Carrier not responsible for covering clean-up costs at a CERCLA site under Maryland law. Those costs were incurred to satisfy a regulatory requirement.


Background: On July 9, 1999, the U.S. Environmental Protection Agency ("EPA") expressed its intent to include Industrial Enterprises’ property and other neighboring properties near the Back River in Baltimore County, Maryland, in a Superfund Site designated for cleanup under the Comprehensive Environmental Response, Compensation, and Liability Act (“CERCLA”). The EPA cited the presence of hazardous substances on the Site. At the time of the EPA letter, Industrial Enterprises held a comprehensive general liability insurance policy (“CGL policy”) with Penn America Insurance Company. Industrial Enterprises forwarded the EPA letter to Penn America and requested that it provide a defense.

The insurer denied coverage. Penn America countered that its CGL policy did not provide indemnity for costs incurred by Industrial Enterprises because: 1) such costs are not damages because of "property damage" of a third party, as required for coverage under the CGL policy, and (2) that the pollution exclusion applied because facts to support the exception to the exclusion – that any "release or escape" of the hazardous substances on Industrial Enterprises’ property be "sudden and accidental” – were not demonstrated.

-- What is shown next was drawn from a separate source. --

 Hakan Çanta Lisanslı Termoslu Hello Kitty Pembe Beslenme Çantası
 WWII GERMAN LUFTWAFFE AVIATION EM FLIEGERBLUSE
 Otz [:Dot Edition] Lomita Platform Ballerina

Industrial Enterprises commenced this action for a judgment declaring that Penn America was obligated to pay Industrial Enterprises the amount that it had incurred and reasonably would incur as defense costs in response to the demands made by the EPA.

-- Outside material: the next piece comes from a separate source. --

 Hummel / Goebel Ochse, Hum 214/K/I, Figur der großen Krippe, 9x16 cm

Issue: 1) Whether a standard CGL policy, which indemnifies the insured for "all sums which the insured shall become legally obligated to pay as damages because of ... property damage," covers the insured’s liability under the CERCLA for costs to remediate the presence of hazardous substances on the insured’s land.

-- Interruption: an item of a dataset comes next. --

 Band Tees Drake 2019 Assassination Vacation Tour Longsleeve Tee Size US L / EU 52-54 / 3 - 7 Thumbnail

Holding: On appeal, the Court of Appeals reversed the judgment of the lower court, concluding that a standard CGL policy does not cover the insured’s liability under the CERCLA. The Court based its decision on Bausch & Lomb, Inc. v. Utica Mutual Insurance Co., 625 A.2d 1021 (Md. 1993), where the Maryland Court of Appeals held that a similar CGL policy did not cover expenses incurred in response to the State’s regulatory order to remove soil containing hazardous chemicals. Therefore, the Court concluded that Industrial Enterprises’ liability under CERCLA was not liability for "property damage," but rather regulatory liability for response costs. Accordingly, the Court concluded that Penn America’s CGL policy did not cover Industrial Enterprises’ regulatory liability and, therefore, Penn America had no duty to provide Industrial Enterprises with a defense.